Pattern recognition threatens containment-based systems because it exposes the myth that each harm is isolated, justified, or accidental, rather than what they do to anyone who stands up against them.
That is why systems react so strongly to people who connect dots calmly and persistently. It is not paranoia. It is systems defending themselves.
The most powerful thing you can do is make the pattern visible without destroying yourself in the process.
Moving Forward
The criminal legal system in many small and mid-sized counties operates more like a self-protective political organism than a neutral arbiter of justice. Prosecutors and judges are responding to institutional incentives that reward growth, conformity, and control.
Understanding this will not make the experience less painful. But it can help you:
- Avoid reactive mistakes that make things worse
- Channel your energy strategically
- Protect others from the same harm
- Stay out of additional trouble caused by fighting blindly
The system is powerful, but it is not invincible. It is most vulnerable to calm, persistent, documented exposure of patterns it cannot explain away. Facts and data; that’s how you win.
Your anger is valid. Your harm is real. The question is how you channel it without giving the system exactly what it needs to justify crushing you.
That is the work. And it matters.
Sources
- Davis, A. J. (2007). Arbitrary Justice: The Power of the American Prosecutor. Oxford University Press.
- Stoughton, S., Noble, J., & Alpert, G. (2020). Evaluating Police Uses of Force.
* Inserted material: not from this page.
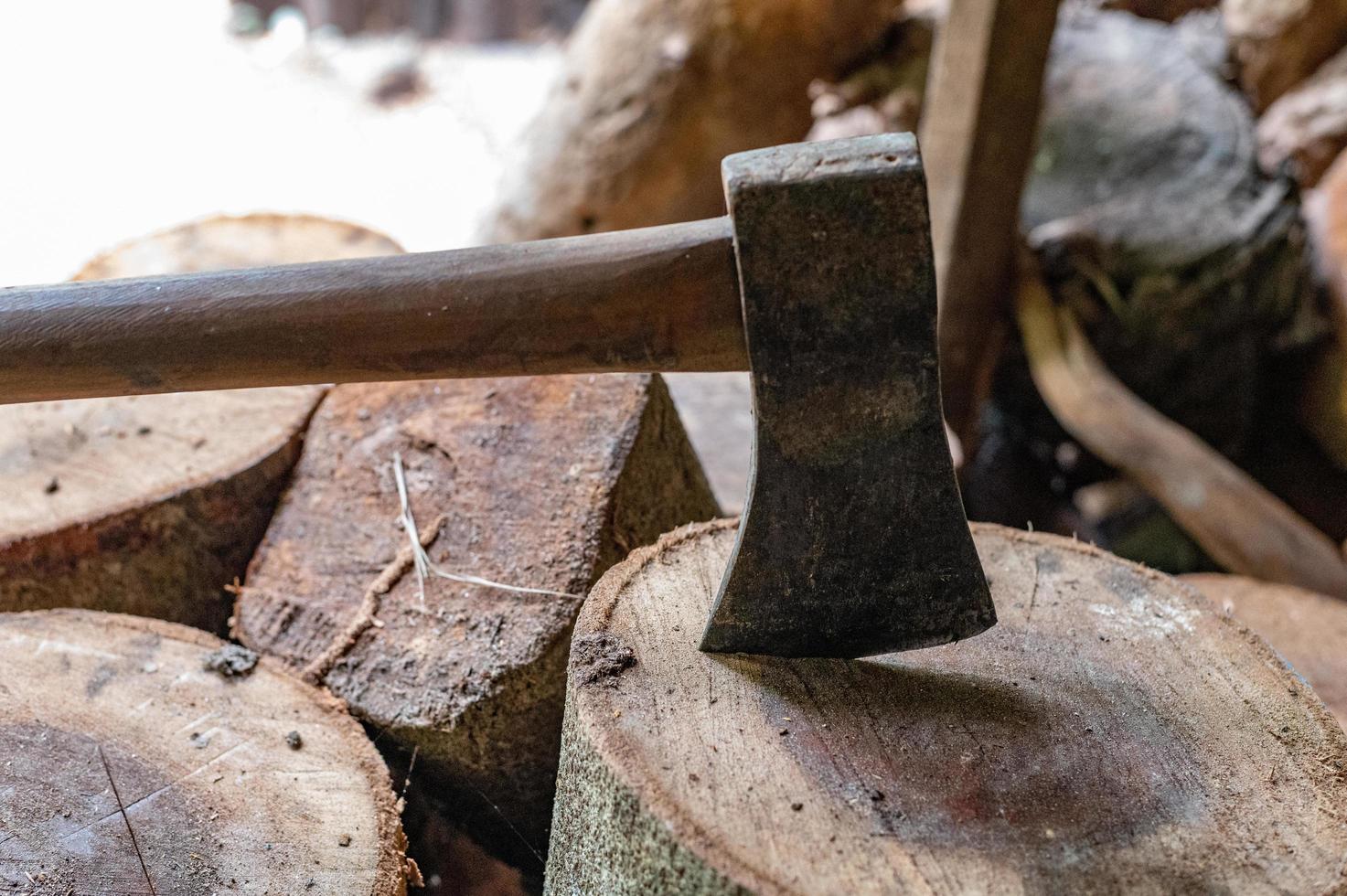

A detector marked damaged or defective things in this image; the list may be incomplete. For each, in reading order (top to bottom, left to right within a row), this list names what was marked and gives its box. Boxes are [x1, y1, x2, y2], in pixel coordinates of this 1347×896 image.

NYU Press. [discusses organizational defensive processing in criminal justice institutions]
- Bibas, S. (2004). Plea Bargaining Outside the Shadow of Trial. Harvard Law Review, 117(8), 2463-2547.
- Wright, R. F., & Miller, M. L. (2010). The Screening/Bargaining Tradeoff. Stanford Law Review, 63(1), 85-134.
- Simon, J. (2007). Governing Through Crime: How the War on Crime Transformed American Democracy. Oxford University Press.
- Wright, R. F. (2005). Trial Distortion and the End of Innocence in Federal Criminal Justice. University of Pennsylvania Law Review, 154(1), 79-156.
- Rachlinski, J. J., Johnson, S. L., Wistrich, A. J., & Guthrie, C. (2009). Does Unconscious Racial Bias Affect Trial Judges? Notre Dame Law Review, 84(3), 1195-1246.